◆ Exercise prompt ◆
For this exercise, return the line containing "Wrangler Plaid Western" and every line after it through the end of the records below, without alteration.

Caption-style text data:
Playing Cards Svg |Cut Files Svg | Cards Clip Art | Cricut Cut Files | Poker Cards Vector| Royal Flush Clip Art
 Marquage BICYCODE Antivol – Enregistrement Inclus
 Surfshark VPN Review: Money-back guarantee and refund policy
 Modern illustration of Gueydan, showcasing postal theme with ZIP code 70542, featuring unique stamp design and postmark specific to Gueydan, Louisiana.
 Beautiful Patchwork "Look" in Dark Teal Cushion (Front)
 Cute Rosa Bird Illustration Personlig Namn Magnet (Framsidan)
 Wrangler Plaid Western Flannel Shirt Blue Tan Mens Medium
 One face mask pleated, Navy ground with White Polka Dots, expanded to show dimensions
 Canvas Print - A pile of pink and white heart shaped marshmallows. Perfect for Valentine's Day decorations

◆ Task answer ◆
 Wrangler Plaid Western Flannel Shirt Blue Tan Mens Medium
 One face mask pleated, Navy ground with White Polka Dots, expanded to show dimensions
 Canvas Print - A pile of pink and white heart shaped marshmallows. Perfect for Valentine's Day decorations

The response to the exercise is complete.